Friday, August 25, 2006

The Family Business

That's my family Kay, it's not me. -- Michael Corleone, The Godfather

If you've been following Archpundit's hammering of Illinois Republican, Rep. Jerry Weller for "marrying into a genocidal dictator's family," this article from your Chicago Reader is mostly old news.

But if you haven't, you should definitely read it -- if only to put this in context:
Weller, who’s 49, and Sosa, who’s 38, are married and just had their first child. Weller is up for reelection in November. Sosa is still a leading member of Guatemala’s single-house, 158-member congress, and until earlier this year she sat on its foreign affairs committee, the counterpart to Weller’s committee. She’s the second most powerful person in her party, the Guatemalan Republican Front, or FRG, which was founded in 1989 by her father and is still led by him. It’s been plagued by accusations of corruption, money laundering, and helping drug traffickers, though no one’s accused her personally of any of those things.
Michael Corleone: My father is no different than any powerful man, any man with power, like a president or senator.
Kay Adams: Do you know how naive you sound, Michael? Presidents and senators don't have men killed.
Michael Corleone: Oh. Who's being naive, Kay?

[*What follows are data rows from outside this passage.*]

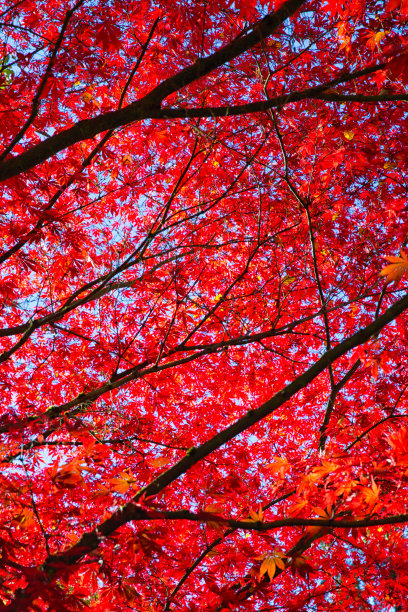 maple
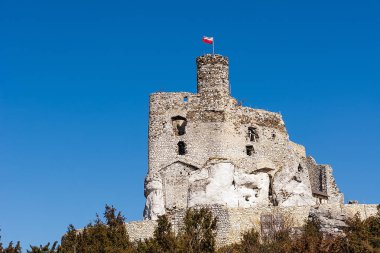14. yüzyılda MIRW kalede Niegowa topluluk (Polonya kalıntıları)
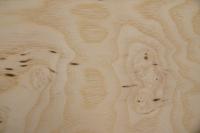 Esche Maser, weiß -Furnier (0,6mm) - 1,69m² (10Stk. x 77cm x 22cm)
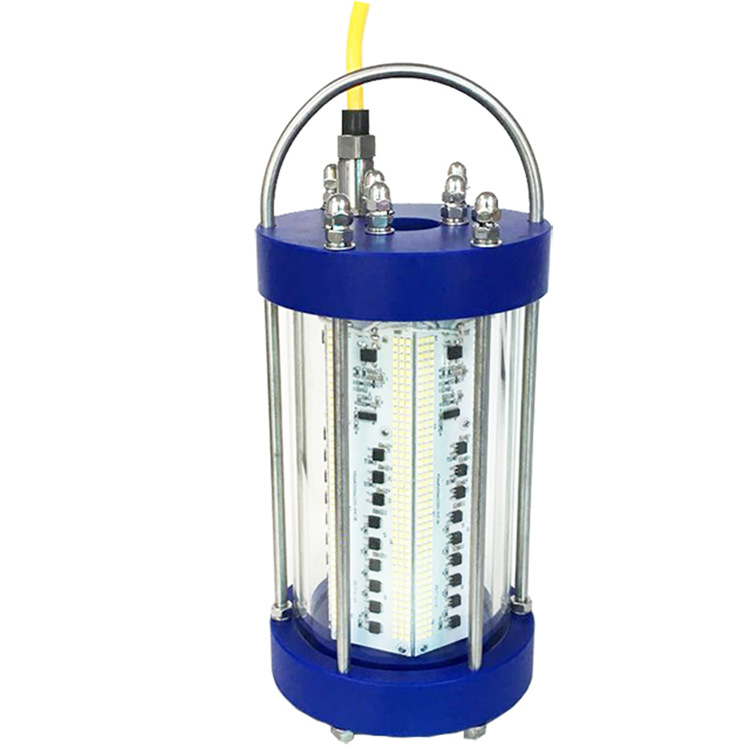 Attractive Fish Lures Under Water 1000 Watt LED Fishing Lights FSL600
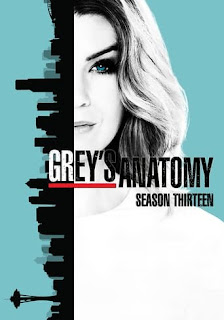 Anatomia de Grey Temporada 13 audio Español Anatomia de Grey Temporada 13 audio Español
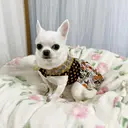 mist Shinobuのプロフィール画像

Update: Also in the Reader, Hot Type's Michael Miner tells us a little about the author of the Weller article:
Frank Smyth, author of this week’s cover story, is a freelance lifer, living in a basement in Washington, D.C., with his dog when he’s not reporting the world’s wars for whoever wants his stories. In 1991 he stayed in Iraq after the gulf war ended and was captured in the north as he covered the Kurdish rebellion. Two traveling companions were executed; Smyth was taken to Abu Ghraib and spent 18 days behind bars listening to the screams of prisoners who were being tortured before he was released.

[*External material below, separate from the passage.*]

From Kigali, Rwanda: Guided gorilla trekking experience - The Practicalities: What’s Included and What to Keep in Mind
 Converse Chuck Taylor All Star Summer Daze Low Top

Then he went to Guatemala, to investigate the 1990 murder of anthropologist Myrna Mack. She’d been studying the living conditions of the million Guatemalans uprooted in the 80s by their government’s “scorched earth” counterinsurgency campaign. The chief homicide investigator implicated undercover military units and was gunned down himself.

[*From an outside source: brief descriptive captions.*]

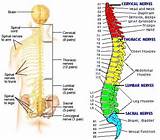 Images of Efferent Spinal Nerves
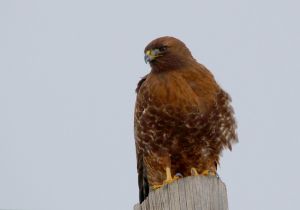 red-tailed-hawk_3.jpg
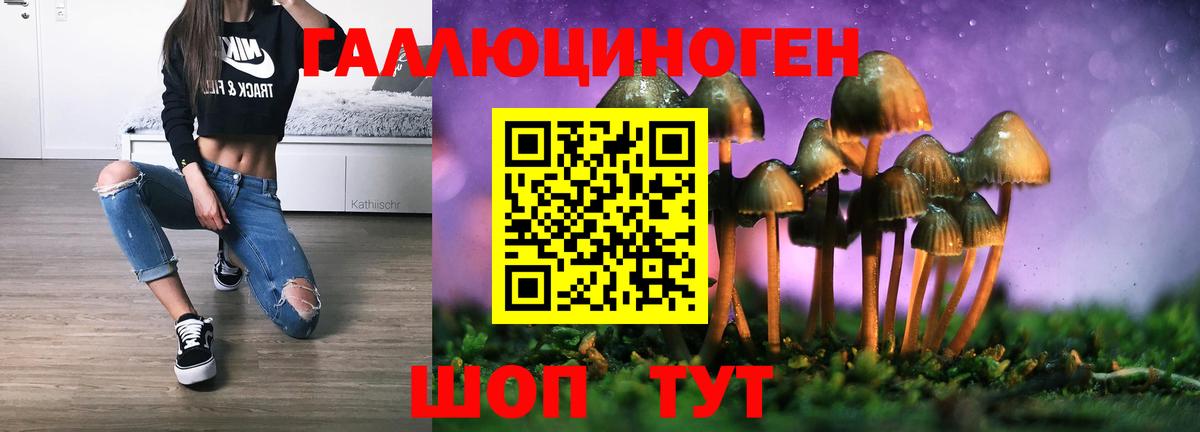 Галлюциногенные грибы GOLDEN TEACHER Якутск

Last year Smyth was working on a story about Guatemalan drug trafficking and wondered why Congressman Jerry Weller, vice chairman of the House’s western hemisphere subcommittee, wouldn’t talk to him. It turned out that Weller rarely speaks publicly to anybody about Guatemala. His Guatemalan wife, Zury Rios Sosa, sits in the national legislature; her father, Efrain Rios Montt, still powerful, was the country’s president during the bloodiest months of the scorched-earth campaign.
Who's being naive?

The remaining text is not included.